[Opening Data provided section]
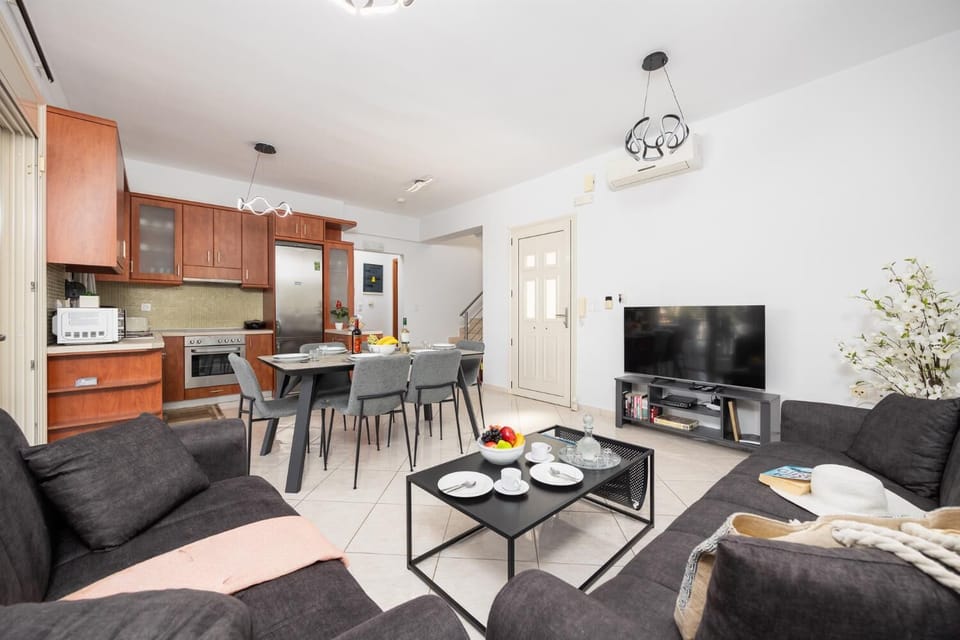 Open-plan living room with sofas, dining area, kitchen, A/C, WiFi internet, and satellite TV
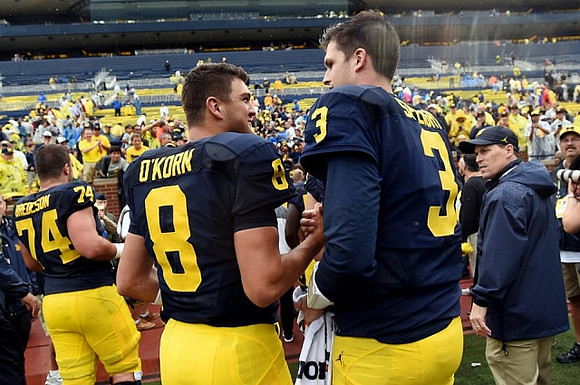 Ben Bredeson (74), John O'Korn (8), and Wilton Speight (3)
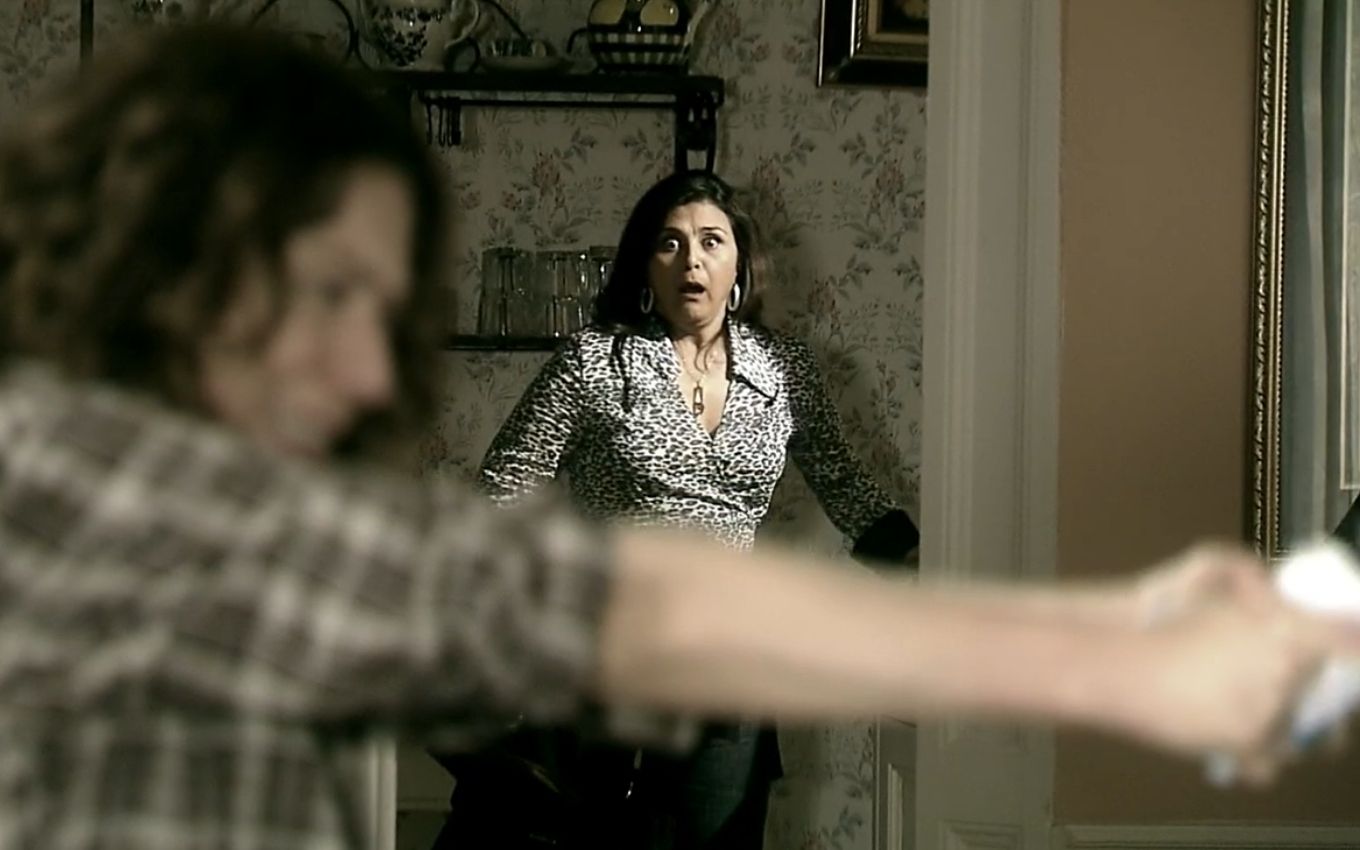 Patrícia Pillar aponta arma; Elizangela ao fundo vê a cena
[Closing Data provided section]
Required action:
From the material above, copy everything exactly but the pictures.

Task answer:
 Open-plan living room with sofas, dining area, kitchen, A/C, WiFi internet, and satellite TV
 Ben Bredeson (74), John O'Korn (8), and Wilton Speight (3)
 Patrícia Pillar aponta arma; Elizangela ao fundo vê a cena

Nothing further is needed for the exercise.